This was the very first pattern I sewed {first dress ever} and it has remained my very favorite! I even turned it into a shirt once.

The dress transitions perfectly to fall with a few layers – just add leggings, boots, a sweater and your favorite scarf!

out-and-about-dress-2

During the cooler weather, I wear my long-sleeved version almost every week.

I just ordered some dark gray ponte de roma fabric from imagine gnats that I’m hoping to turn into my 4th Out & About Dress – stay tuned!

{Read all about version 1 & 2 here and version 3 here.}

Sew Caroline’s Tank Dress | pattern

tank-dress-2

When this pattern was first released, I didn’t think I’d jump on that bandwagon. I thought the hemline was “too trendy” {I’ve already confessed my inner 90-year-old}, BUT I love it. It’s actually really easy to construct since it can be made with a woven [non-stretchy] fabric.

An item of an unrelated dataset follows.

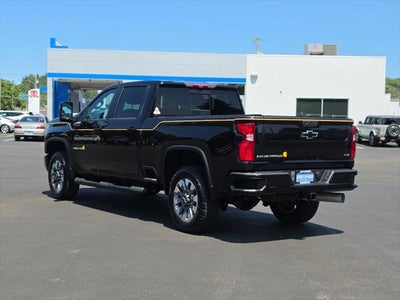 2023 Chevrolet Silverado 2500 LTZ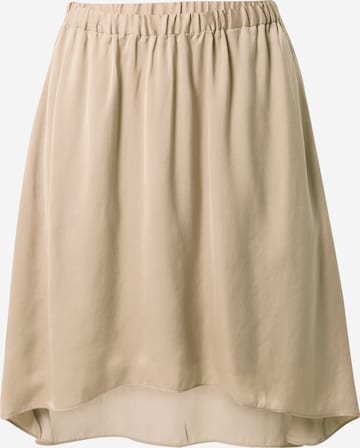 mbym Skirt 'Tandra' in Beige: front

My second version [pictured here] is my most-worn because: I raised the elastic casing on the back of the dress about 2 inches [I think]. I’m petite which often requires altering (usually raising the waistline in dresses works for me). In my first version {mentioned in this post}, I was having some bunching in the back above the elastic because it was sliding up to my waist. It was such a simple alteration that completely changed the comfort and fit of the dress for me.

I wear this dress to work with a simple black cardigan and platforms in the summer and transition to fall/winter by adding leggings and boots. I love the versatility of the dress – easy to layer from season to season.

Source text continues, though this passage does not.